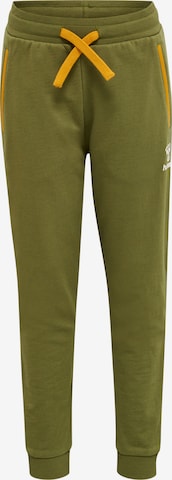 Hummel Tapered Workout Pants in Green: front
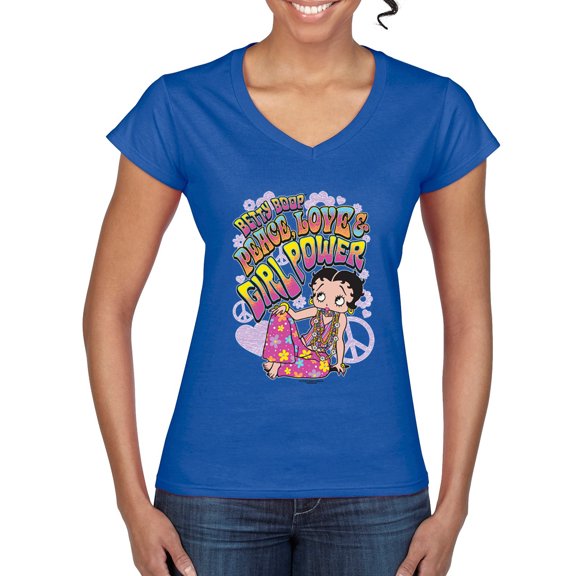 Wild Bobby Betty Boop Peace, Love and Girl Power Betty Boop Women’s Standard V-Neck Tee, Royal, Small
++++++++++
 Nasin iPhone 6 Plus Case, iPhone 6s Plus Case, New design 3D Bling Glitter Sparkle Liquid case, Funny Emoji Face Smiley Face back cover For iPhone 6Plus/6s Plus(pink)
++++++++++
The reply should hold exactly the lines above, starting at the line with "Hummel Tapered Workout Pants in Green: front" and ending at the line with "Wild Bobby Betty", and no pictures.

 Hummel Tapered Workout Pants in Green: front
 Wild Bobby Betty Boop Peace, Love and Girl Power Betty Boop Women’s Standard V-Neck Tee, Royal, Small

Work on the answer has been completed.